With the recent death of Alpha, price/performance ratios have fallen
precipitously. If you can ensure that your application is portable
it may be interesting to go Linux/Alpha today and then look to
UltraSPARC, PPC, Hammer, or Itanium down the road.
Aside: Take note of the much lower code and data density on Alpha
and the resulting effects on RAM requirements.

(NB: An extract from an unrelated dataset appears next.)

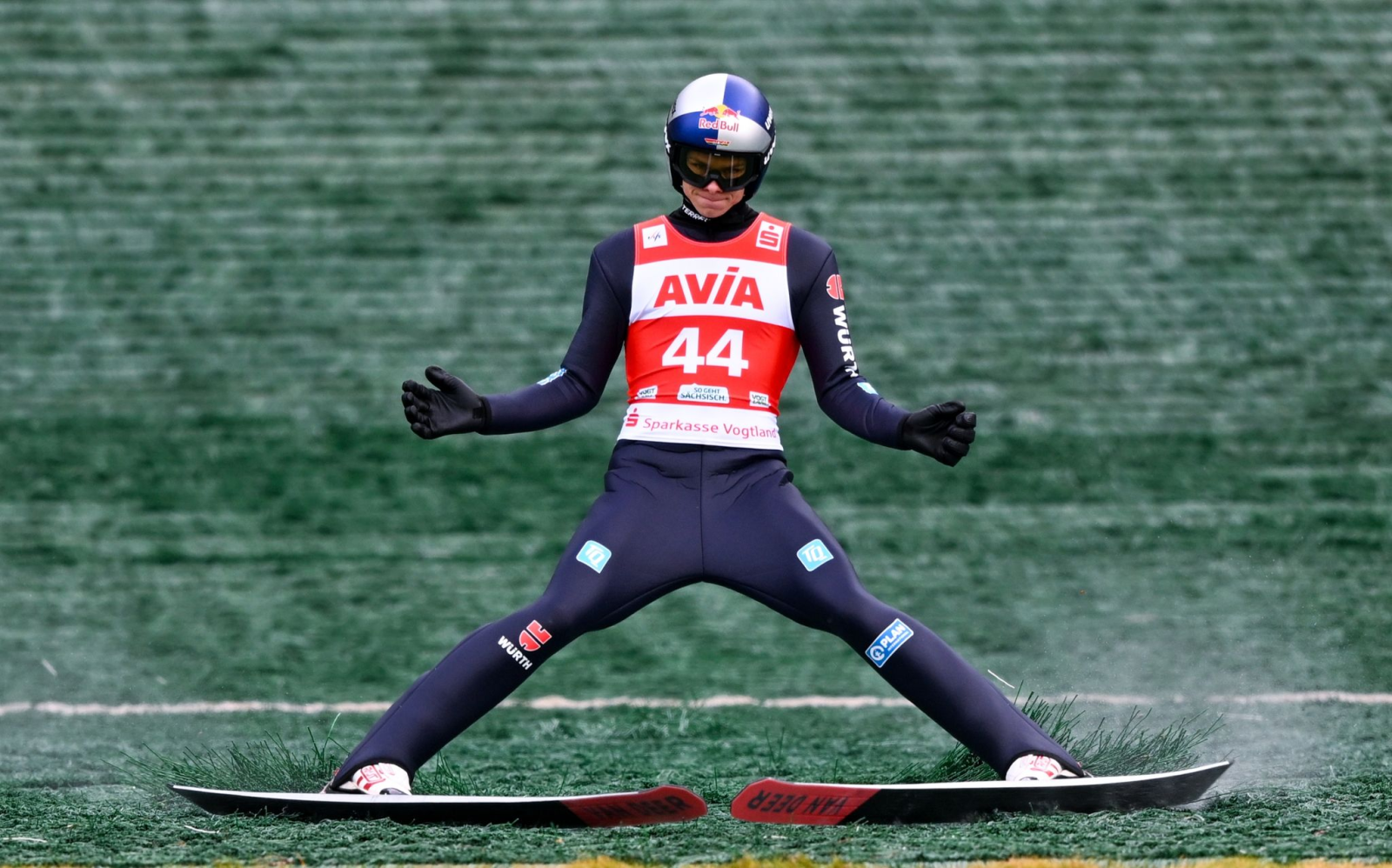 Skispringer Andreas Wellinger aus Deutschland nach einer Landung auf Sprungmatten.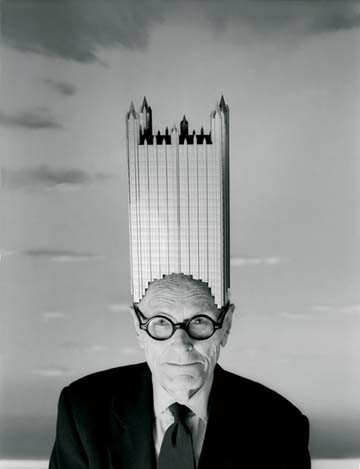 Архитектор Филипп Джонсон (Philip Johnson) - творец оригинального. <br>Фотограф: Josef Astor, 1996 для Vanity Fair, июль 1996.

> The factors that seem to be the crux of an OS choice are probably
> price, robustness, security, performance, and ease of
> installation/administration/development.
Uhh, yeah, them too.
> I've done some Linux installs and, overall, they seem to be okay
> (RH and Mandrake).
There's a big difference between installing an OS and maintaining
and running it across extended periods. There's also a big
difference between maintaining and running an OS across an extended
period, and building and running applications on that OS. Don't
conflate the two problem sets.
--
J C Lawrence
---------(*) Satan, oscillate my metallic sonatas.